**YOUR ASSIGNMENT**
Locate the line bearing "Drift Atan Sürücüye" in the material below, then reproduce it and each following line up to and including the line bearing "Прокладка Выхлопной Системы.".

**AVAILABLE RECORDS**
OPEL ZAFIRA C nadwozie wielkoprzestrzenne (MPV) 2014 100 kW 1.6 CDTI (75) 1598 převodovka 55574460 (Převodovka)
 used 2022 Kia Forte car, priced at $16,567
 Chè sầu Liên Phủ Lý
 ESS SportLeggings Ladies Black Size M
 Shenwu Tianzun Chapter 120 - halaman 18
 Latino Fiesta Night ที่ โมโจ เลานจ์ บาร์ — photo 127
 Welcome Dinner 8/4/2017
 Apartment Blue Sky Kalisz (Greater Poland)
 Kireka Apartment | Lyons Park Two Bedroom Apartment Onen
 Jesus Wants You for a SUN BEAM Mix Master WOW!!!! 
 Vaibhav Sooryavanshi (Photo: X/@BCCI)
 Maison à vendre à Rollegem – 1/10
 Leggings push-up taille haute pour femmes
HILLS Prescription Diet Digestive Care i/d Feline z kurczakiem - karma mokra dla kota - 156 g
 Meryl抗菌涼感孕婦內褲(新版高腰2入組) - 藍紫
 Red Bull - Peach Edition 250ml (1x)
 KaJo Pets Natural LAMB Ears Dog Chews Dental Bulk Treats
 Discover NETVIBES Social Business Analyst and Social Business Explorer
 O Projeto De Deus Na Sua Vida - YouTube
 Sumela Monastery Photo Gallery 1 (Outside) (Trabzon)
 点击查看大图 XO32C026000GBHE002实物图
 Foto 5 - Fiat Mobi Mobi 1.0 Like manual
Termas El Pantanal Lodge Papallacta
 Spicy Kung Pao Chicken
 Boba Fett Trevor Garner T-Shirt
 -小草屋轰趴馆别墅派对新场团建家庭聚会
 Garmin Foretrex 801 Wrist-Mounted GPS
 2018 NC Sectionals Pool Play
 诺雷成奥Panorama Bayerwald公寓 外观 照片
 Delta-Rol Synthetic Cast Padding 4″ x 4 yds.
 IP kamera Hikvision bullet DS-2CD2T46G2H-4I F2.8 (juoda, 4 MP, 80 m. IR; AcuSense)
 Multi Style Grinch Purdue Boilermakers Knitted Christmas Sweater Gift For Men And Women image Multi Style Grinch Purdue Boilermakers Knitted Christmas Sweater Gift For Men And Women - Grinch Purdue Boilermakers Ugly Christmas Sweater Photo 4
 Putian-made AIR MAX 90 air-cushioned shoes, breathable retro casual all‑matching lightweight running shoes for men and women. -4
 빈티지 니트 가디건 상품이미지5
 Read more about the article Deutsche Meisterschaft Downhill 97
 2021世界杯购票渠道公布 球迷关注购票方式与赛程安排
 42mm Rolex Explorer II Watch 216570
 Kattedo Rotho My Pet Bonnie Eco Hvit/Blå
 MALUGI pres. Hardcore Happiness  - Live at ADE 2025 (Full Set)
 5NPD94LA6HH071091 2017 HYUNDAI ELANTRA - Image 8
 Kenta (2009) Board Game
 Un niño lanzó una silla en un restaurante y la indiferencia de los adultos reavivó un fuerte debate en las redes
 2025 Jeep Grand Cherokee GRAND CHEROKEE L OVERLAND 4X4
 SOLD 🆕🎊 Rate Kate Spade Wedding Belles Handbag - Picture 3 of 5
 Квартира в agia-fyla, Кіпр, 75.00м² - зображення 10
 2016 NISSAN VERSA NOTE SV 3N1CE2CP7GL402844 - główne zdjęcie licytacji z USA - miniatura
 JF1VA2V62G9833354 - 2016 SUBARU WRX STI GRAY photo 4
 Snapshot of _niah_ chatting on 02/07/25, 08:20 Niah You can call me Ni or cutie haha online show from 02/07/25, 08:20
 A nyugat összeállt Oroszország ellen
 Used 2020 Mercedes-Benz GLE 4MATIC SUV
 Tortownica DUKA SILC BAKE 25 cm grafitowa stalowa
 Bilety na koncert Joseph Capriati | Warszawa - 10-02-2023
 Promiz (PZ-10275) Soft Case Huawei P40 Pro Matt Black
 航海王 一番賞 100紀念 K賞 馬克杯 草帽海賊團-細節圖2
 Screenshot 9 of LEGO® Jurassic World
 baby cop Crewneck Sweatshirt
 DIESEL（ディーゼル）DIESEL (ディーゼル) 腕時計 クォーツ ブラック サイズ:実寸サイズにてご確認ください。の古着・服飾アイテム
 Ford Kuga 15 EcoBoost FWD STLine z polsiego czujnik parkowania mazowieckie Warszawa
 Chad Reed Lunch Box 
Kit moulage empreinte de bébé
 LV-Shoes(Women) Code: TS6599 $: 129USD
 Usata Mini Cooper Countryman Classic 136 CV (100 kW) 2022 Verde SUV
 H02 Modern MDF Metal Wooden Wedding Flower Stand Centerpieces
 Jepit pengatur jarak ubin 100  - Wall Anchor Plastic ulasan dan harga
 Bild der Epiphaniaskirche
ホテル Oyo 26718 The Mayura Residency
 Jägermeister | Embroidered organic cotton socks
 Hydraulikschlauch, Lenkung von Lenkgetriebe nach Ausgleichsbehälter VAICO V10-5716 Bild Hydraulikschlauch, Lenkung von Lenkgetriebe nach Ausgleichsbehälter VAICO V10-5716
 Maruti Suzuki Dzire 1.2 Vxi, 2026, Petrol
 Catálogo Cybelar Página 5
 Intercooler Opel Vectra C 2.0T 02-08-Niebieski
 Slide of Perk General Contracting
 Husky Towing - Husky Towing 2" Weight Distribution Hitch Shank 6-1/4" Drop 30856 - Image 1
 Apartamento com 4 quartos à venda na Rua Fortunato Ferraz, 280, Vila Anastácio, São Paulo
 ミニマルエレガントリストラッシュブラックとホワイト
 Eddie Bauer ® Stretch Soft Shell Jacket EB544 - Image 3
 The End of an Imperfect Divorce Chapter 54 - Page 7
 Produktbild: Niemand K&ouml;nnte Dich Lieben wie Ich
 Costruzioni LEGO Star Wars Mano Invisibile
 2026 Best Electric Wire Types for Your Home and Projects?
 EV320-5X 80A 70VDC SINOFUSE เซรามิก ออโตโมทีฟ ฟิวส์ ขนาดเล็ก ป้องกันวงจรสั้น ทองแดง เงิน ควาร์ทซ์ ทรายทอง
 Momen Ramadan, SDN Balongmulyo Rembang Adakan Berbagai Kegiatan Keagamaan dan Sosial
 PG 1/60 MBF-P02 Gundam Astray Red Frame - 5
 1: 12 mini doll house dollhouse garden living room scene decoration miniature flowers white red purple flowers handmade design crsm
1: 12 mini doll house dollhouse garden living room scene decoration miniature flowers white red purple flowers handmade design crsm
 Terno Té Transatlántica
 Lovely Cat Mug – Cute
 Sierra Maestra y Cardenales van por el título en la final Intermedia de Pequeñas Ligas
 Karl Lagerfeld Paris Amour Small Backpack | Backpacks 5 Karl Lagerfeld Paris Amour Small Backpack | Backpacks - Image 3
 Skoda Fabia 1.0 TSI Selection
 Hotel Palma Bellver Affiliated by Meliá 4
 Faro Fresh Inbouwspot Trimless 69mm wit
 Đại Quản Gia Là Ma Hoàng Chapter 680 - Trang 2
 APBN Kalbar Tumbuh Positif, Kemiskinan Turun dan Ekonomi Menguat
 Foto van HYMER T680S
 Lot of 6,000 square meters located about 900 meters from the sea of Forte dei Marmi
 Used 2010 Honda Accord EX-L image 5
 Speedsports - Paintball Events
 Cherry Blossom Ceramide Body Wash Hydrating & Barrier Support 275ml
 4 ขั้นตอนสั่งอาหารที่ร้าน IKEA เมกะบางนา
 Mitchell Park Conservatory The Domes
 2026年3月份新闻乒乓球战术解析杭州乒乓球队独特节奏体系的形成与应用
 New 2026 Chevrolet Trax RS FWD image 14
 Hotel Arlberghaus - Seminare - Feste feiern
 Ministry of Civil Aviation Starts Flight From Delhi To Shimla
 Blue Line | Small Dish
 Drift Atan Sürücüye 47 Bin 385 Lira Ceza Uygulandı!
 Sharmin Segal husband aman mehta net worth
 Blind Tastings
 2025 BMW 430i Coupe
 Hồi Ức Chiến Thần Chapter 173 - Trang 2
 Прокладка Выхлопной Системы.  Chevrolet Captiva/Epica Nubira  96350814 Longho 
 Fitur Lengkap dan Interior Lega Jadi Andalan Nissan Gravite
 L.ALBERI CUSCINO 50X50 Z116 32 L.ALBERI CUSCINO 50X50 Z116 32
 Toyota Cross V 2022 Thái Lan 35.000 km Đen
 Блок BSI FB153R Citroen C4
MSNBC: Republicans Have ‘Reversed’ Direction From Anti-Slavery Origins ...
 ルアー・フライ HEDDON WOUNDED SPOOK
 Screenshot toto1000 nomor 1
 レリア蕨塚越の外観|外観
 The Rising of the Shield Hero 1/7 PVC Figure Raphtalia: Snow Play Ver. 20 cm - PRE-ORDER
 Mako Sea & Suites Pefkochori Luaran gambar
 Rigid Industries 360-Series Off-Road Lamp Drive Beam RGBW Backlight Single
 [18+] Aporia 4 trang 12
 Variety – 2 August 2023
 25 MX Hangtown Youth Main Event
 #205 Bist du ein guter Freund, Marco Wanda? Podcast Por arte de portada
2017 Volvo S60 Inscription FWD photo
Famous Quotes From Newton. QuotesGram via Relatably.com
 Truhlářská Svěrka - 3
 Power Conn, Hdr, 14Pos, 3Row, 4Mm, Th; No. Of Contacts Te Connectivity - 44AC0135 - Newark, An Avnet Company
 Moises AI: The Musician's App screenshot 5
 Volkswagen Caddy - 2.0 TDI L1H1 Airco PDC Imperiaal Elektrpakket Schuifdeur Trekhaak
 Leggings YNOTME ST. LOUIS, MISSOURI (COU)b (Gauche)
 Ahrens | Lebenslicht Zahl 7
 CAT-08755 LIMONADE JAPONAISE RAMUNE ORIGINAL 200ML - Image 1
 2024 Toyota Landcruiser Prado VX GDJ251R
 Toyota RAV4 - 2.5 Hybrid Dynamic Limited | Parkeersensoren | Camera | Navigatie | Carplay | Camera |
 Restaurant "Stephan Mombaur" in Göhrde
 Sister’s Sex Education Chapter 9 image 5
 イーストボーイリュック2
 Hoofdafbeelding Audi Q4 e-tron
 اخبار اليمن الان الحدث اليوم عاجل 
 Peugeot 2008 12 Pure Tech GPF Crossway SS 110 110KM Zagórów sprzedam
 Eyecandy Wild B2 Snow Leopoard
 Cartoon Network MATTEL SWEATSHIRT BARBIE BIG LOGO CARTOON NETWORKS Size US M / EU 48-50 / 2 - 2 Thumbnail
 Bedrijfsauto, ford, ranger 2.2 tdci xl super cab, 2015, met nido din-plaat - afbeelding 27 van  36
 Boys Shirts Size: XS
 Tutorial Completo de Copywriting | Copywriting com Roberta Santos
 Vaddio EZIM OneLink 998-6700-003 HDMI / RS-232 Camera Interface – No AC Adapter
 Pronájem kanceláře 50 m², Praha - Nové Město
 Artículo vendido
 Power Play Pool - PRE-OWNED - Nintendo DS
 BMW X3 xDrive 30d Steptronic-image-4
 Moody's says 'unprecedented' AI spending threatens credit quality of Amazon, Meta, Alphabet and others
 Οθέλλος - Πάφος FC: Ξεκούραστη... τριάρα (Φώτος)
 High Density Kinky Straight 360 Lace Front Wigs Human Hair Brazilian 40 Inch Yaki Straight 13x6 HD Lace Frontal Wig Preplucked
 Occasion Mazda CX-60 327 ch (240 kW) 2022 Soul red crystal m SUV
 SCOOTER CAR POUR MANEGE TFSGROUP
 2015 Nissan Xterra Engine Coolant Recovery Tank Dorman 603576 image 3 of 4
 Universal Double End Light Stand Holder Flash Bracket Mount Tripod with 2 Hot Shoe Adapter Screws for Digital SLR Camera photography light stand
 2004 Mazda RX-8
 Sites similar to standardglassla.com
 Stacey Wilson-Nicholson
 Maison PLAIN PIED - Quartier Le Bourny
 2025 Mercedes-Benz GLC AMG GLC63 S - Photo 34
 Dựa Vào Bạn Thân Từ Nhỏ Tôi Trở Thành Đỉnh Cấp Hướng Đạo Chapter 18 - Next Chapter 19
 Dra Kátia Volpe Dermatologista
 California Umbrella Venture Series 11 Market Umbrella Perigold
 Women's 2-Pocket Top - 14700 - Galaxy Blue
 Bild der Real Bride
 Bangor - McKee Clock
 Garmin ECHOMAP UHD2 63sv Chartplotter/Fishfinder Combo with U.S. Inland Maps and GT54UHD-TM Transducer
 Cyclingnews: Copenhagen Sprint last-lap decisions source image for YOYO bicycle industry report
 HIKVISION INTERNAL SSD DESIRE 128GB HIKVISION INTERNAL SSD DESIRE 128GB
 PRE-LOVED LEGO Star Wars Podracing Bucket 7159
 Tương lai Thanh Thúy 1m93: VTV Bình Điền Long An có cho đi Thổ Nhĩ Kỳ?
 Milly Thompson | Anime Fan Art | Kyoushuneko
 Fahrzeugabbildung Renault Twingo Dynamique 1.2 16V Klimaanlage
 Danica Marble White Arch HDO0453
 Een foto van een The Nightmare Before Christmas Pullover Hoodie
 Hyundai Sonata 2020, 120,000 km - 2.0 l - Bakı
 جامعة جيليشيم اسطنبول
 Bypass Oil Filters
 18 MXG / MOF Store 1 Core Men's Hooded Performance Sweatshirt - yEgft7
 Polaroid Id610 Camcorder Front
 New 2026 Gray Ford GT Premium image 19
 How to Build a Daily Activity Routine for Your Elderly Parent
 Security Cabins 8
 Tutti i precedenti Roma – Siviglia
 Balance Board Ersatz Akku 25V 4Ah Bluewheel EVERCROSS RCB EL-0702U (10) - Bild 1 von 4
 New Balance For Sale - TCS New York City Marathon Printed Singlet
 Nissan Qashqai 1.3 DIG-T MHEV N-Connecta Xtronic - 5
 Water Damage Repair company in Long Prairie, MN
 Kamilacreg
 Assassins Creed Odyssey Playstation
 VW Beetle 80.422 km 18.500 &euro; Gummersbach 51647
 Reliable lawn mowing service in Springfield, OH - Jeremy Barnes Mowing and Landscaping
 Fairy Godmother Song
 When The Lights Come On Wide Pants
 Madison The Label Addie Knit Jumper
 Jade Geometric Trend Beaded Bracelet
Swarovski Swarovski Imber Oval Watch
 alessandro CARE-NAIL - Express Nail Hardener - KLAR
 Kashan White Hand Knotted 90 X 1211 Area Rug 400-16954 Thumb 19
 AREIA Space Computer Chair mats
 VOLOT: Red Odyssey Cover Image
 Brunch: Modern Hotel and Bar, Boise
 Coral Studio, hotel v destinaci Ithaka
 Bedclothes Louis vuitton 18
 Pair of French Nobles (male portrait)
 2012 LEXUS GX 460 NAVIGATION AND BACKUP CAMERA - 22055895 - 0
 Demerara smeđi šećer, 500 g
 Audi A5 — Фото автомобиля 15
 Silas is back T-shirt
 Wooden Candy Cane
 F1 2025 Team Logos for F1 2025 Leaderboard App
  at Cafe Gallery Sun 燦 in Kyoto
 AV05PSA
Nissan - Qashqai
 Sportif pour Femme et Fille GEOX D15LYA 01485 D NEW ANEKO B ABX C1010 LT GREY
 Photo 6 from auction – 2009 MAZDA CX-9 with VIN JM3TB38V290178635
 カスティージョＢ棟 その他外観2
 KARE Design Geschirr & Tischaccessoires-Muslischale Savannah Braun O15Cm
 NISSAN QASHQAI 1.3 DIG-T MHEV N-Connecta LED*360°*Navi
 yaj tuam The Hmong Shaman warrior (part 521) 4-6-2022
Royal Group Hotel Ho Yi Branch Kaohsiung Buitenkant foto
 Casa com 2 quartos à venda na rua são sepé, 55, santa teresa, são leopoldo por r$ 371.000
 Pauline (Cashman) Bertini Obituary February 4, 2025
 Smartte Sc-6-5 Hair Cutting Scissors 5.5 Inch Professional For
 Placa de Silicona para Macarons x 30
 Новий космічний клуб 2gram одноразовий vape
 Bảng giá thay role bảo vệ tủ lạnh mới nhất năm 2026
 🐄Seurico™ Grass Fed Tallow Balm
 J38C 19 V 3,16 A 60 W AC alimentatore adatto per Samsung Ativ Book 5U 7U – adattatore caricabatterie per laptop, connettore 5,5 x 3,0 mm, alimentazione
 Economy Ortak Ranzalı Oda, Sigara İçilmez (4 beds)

**RESULT FOR THIS EXERCISE**
 Drift Atan Sürücüye 47 Bin 385 Lira Ceza Uygulandı!
 Sharmin Segal husband aman mehta net worth
 Blind Tastings
 2025 BMW 430i Coupe
 Hồi Ức Chiến Thần Chapter 173 - Trang 2
 Прокладка Выхлопной Системы.  Chevrolet Captiva/Epica Nubira  96350814 Longho 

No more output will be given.